Non? L'espace de l'amphi se dessinait jadis comme un champ de forces dont le centre orchestral de gravité se trouvait sur l'estrade, au point focal de la chaire, à la lettre un power point.Là se situait la densité lourde du savoir, quasi nulle à la périphérie. Désormais distribué partout, le savoir se répand dans un espace homogène, décentré, libre de mouvements. La salle d'autrefois est morte, même si encore on ne voit qu'elle, même si on ne sait construire qu'elle, même si la société du spectacle cherche à l'imposer encore.

Alors les corps se mobilisent, circulent, gesticulent, appellent, s'interpellent, échangent volontiers ce qu'ils ont trouvé sous leurs mouchoirs. Au silence le bavardage succède-t-il et le chahut à l'immobilité ? Non, jadis prisonniers, les Petits Poucets se libèrent des chaînes de la Caverne multimillénaire qui les attachaient, immobiles et silencieux, à leur place, bouche cousue, cul posé.

Mobilité : conducteur et passager

L'espace centré ou focalisé de la classe ou de l'amphi peut aussi se dessiner comme le volume d'un véhicule : train, automobile, avion, où les passagers assis en rangs dans le wagon, l'habitacle ou le fuselage, se laissent conduire par celui qui les pilote vers le savoir. Voyez maintenant le corps du passager, avachi, ventre en l'air, regard vague et passif. Actif et attentif au contraire, le conducteur courbe le dos et tend les bras vers le volant.
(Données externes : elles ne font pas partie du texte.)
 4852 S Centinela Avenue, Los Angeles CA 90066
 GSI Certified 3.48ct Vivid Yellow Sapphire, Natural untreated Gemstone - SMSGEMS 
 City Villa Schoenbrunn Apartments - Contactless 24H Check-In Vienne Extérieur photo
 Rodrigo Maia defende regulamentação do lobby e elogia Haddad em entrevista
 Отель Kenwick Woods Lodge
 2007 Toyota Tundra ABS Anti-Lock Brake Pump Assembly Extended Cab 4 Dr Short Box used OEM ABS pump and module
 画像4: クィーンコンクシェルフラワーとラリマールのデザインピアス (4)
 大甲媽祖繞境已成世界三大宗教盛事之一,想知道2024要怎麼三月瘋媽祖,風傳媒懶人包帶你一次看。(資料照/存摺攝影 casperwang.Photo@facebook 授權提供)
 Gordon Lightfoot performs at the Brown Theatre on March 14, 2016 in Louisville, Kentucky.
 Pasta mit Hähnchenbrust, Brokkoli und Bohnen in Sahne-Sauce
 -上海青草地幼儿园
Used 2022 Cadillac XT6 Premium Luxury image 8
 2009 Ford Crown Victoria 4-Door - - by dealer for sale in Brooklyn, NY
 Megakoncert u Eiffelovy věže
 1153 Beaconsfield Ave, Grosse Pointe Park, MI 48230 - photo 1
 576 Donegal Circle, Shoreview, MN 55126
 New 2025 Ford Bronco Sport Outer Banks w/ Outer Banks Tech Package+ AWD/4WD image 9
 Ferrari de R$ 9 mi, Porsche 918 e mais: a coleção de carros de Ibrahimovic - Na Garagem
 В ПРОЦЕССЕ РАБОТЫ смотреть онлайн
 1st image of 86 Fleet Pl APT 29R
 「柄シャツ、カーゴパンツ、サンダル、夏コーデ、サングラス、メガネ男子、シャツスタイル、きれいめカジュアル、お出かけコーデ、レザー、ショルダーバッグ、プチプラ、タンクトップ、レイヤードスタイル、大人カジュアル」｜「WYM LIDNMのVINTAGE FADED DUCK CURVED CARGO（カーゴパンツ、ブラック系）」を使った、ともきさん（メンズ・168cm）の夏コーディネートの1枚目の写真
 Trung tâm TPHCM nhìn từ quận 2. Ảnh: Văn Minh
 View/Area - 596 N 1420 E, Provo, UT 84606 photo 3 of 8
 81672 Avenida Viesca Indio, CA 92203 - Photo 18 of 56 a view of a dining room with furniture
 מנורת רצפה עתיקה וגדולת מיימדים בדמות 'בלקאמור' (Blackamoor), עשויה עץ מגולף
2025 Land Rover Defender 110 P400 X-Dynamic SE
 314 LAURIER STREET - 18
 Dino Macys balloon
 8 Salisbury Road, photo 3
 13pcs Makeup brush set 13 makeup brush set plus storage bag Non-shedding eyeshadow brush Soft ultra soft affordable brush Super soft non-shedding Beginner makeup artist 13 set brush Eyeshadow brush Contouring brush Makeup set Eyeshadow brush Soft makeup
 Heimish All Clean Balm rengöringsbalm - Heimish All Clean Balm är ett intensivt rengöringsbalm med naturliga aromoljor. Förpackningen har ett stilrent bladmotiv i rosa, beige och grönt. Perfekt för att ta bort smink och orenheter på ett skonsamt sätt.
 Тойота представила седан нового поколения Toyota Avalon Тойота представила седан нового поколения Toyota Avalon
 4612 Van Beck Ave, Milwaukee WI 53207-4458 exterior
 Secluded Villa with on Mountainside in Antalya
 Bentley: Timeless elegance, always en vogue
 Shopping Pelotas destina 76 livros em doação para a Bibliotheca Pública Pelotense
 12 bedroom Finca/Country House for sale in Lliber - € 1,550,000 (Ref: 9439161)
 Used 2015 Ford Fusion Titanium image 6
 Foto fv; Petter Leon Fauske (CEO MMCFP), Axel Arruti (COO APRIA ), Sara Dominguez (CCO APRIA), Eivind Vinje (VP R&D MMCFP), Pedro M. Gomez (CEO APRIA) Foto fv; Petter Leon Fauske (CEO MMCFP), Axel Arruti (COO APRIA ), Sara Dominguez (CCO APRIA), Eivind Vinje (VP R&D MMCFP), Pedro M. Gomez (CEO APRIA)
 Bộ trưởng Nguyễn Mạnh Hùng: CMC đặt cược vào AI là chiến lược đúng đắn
Quand Petite Poucette use de l'ordinateur ou du portable, ils exigent tous deux le corps d'une conductrice en tension d'activité, non celui d'un passager, en passivité de détente : demande et non offre. Elle courbe le dos et ne met pas le ventre en haut. Poussez cette petite personne dans une salle de cours : habitué à conduire, son corps ne supportera pas longtemps le siège du passager passif ; elle s'active alors, privée de machine à conduire. Chahut. Mettez entre ses mains un ordinateur, elle retrouvera la gestuelle du corps-pilote.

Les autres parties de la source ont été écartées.